In another embodiment, a method for optimizing a pipeline is generally described. The method can include generating at least one pair of SFQ clock signals based on a stream of SFQ pulses. Each pair of SFQ clock signals can include a first SFQ clock signal and a second SFQ clock signal that is out of phase with the first SFQ clock signal. The second SFQ clock signal can have same frequency as the first SFQ clock signal. The method can further include, for each pair of SFQ clock signals, defining a first clock cycle based on a delay from the first SFQ clock signal to the second SFQ clock signal. The method can further include, for each pair of SFQ clock signals, defining a second clock cycle based on a delay from the second SFQ clock signal to the first SFQ clock signal of a next pair of SFQ clock signals. The second clock cycle can be greater than the first clock cycle. The method can further include assigning the first clock cycle and the second clock cycle to different stages of a pipeline. The assignment can be based on an amount of delay incurred by the different stages.
Further features as well as the structure and operation of various embodiments are described in detail below with reference to the accompanying drawings. In the drawings, like reference numbers indicate identical or functionally similar elements.

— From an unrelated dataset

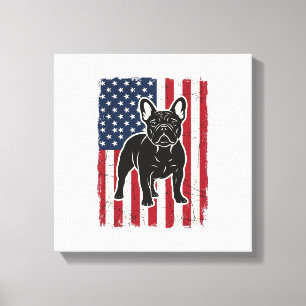 Lienzo Camiseta de bandera de bulldog francés patriótico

The present application will now be described in greater detail by referring to the following discussion and drawings that accompany the present application. It is noted that the drawings of the present application are provided for illustrative purposes only and, as such, the drawings are not drawn to scale. It is also noted that like and corresponding elements are referred to by like reference numerals.
In the following descriptions, numerous specific details are set forth, such as particular structures, components, materials, dimensions, processing steps and techniques, in order to provide an understanding of the various embodiments of the present application. However, it will be appreciated by one of ordinary skill in the art that the various embodiments of the present application may be practiced without these specific details. In other instances, well-known structures or processing steps have not been described in detail in order to avoid obscuring the present application.
In an aspect, SFQ logic can provide a relatively high energy efficiency due to the size of SFQ voltage pulses being relatively small (e.g., duration in the picosecond scale). However, the delay of wires connecting SFQ devices with one another can be relatively large compared to the delay of SFQ gates. For example, in gate level pipelines being implemented by SFQ logic gates, a transition from one pipeline stage to another pipeline stage can include having a SFQ voltage pulse travel through wires connecting different SFQ logic gates, and these wires can incur delays. Further, the incurred delays can be inconsistent. For example, a delay resulting from a transition from a first pipeline stage to a second pipeline stage can be greater than a delay resulting from a transition from the second pipeline stage to a third pipeline stage. Under this inconsistency, if a single clock is being used by all stages of the gate level pipeline, then the frequency of the clock needs to be at a level that is low enough to accommodate the longer delay stages. However, a lower frequency clock may be sufficient for the shorter delay stages and performance of the circuit may degrade. The usage of one low frequency clock for both long and short stages can impact operation speed of the gate level pipeline, such as longer processing times and increased energy usage.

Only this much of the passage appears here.